Question:
In the given figure ABCD is a trapezium in which AB || DC such that AB = a cm and DC = b cm. If E and F are the midpoints of AD and BC respectively. Then, ar(ABFE) : ar(EFCD) = ?
(a) a : b
(b) (a + 3b) : (3a + b)
(c) (3a + b) : (a + 3b)
(d) (2a + b) : (3a + b)
Solution:
(c) (3a +b) : (a +3b)
Clearly, EF $=\frac{1}{2}(a+b)$ [Mid point theorem]

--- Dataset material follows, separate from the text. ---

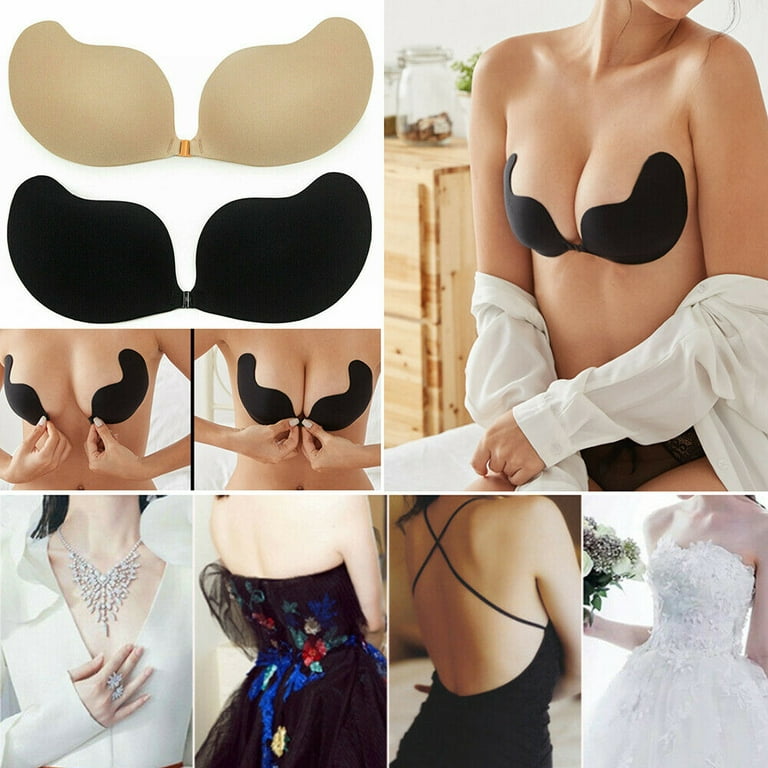Adhesive Bra Strapless Sticky Silicone Bra Push Up Invisible Reusable Backless  Bra For Women-i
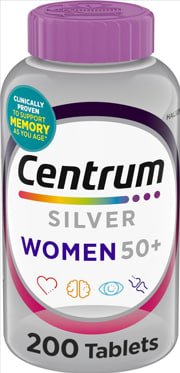 Centrum Silver Multivitamin for Women 50+, a multivitamin/mineral supplement containing Vitamin D3, B vitamins, and non-GMO ingredients, supports memory and cognition in older adults - 200 carats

Let d be the distance between AB and EF.
Then d is the distance between DC and EF.
Now, we have :
$\operatorname{ar}(\operatorname{trap} A B E F)=\frac{1}{2}\left(a+\frac{a+b}{2}\right) d=\frac{(3 a+b) d}{4}$
$\operatorname{ar}(\operatorname{trap} E F C D)=\frac{1}{2}\left(b+\frac{a+b}{2}\right) d=\frac{(a+3 b) d}{4}$
$\therefore$ Required ratio $=\frac{(3 a+b) d}{4}: \frac{(a+3 b) d}{4}=(3 a+b):(a+3 b)$